Items listed in a dataset
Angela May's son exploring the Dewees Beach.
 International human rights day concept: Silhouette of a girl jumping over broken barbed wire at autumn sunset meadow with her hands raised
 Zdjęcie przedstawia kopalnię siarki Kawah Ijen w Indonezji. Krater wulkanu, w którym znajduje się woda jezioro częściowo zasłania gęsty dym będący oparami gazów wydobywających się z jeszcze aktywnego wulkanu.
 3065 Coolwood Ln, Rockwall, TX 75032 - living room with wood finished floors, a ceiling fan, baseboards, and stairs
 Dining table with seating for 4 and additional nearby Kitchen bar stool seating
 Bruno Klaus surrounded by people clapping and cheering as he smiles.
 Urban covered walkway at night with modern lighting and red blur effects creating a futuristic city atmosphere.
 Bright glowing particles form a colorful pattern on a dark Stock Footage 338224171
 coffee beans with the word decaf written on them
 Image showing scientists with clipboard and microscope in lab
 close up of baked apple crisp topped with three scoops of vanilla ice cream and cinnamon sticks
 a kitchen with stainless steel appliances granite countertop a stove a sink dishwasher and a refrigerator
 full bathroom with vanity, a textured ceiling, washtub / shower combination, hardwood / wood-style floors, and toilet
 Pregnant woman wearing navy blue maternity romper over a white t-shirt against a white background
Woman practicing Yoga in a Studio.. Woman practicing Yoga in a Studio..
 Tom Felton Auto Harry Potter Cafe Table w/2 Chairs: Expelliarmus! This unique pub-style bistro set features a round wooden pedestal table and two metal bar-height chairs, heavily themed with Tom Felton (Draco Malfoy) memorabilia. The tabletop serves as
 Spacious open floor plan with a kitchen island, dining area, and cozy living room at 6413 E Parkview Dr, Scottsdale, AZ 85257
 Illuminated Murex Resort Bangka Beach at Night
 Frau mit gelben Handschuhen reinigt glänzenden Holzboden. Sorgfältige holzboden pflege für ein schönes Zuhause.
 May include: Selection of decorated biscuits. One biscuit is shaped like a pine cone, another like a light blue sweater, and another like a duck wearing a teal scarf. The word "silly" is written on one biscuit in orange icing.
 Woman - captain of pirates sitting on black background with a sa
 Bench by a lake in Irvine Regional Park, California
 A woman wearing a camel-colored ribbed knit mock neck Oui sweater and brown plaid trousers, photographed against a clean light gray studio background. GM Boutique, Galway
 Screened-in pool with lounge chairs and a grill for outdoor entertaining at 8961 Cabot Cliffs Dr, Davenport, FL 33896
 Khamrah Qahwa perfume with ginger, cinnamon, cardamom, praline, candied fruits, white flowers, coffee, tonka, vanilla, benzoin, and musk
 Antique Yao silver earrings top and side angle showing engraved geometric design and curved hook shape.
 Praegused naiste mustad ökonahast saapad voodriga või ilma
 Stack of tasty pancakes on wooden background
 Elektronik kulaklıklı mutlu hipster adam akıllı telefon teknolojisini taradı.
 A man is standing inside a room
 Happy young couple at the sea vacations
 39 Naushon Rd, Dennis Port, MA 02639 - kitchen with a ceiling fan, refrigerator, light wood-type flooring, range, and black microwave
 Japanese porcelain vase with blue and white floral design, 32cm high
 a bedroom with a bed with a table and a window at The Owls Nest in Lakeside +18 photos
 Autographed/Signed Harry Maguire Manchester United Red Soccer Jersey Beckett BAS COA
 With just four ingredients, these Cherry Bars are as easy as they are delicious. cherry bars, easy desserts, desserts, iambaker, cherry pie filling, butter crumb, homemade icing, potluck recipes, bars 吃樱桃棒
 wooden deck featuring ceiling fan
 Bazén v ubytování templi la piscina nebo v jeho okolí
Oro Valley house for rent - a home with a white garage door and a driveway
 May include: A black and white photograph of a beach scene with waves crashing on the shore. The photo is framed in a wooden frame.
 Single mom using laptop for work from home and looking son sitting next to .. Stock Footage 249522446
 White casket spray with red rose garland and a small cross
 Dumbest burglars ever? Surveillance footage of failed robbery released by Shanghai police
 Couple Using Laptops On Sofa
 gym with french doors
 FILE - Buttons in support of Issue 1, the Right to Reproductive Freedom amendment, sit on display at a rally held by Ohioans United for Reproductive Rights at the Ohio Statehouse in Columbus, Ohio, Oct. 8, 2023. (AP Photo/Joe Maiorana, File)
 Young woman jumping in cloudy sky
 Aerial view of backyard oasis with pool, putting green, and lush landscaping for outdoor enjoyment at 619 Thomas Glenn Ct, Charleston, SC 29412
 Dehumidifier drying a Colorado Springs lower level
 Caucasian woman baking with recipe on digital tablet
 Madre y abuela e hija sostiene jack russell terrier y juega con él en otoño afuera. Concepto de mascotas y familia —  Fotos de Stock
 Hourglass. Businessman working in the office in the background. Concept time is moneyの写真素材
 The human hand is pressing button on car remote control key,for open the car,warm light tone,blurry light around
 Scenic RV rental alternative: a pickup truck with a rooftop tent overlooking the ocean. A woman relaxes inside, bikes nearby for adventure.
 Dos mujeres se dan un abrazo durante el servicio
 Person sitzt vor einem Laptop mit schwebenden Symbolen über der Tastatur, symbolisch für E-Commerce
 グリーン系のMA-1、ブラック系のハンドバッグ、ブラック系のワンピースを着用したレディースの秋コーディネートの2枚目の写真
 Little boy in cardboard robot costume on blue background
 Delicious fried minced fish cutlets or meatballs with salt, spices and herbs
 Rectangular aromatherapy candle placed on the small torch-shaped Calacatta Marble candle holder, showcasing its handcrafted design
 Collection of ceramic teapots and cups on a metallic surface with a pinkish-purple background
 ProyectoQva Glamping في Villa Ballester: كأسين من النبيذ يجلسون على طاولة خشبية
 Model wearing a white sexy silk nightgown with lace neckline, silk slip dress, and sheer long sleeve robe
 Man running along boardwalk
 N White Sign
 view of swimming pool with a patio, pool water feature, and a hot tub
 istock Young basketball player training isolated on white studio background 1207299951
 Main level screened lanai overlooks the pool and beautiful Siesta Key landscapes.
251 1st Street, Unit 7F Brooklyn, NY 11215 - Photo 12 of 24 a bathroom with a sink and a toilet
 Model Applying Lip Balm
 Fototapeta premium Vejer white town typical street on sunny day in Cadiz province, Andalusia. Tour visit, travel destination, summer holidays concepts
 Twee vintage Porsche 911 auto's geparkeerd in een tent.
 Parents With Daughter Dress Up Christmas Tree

> [Your instructions] Check each line above for the string "Harry" and copy the ones that have it.

> [Answer to this problem]
 Tom Felton Auto Harry Potter Cafe Table w/2 Chairs: Expelliarmus! This unique pub-style bistro set features a round wooden pedestal table and two metal bar-height chairs, heavily themed with Tom Felton (Draco Malfoy) memorabilia. The tabletop serves as
 Autographed/Signed Harry Maguire Manchester United Red Soccer Jersey Beckett BAS COA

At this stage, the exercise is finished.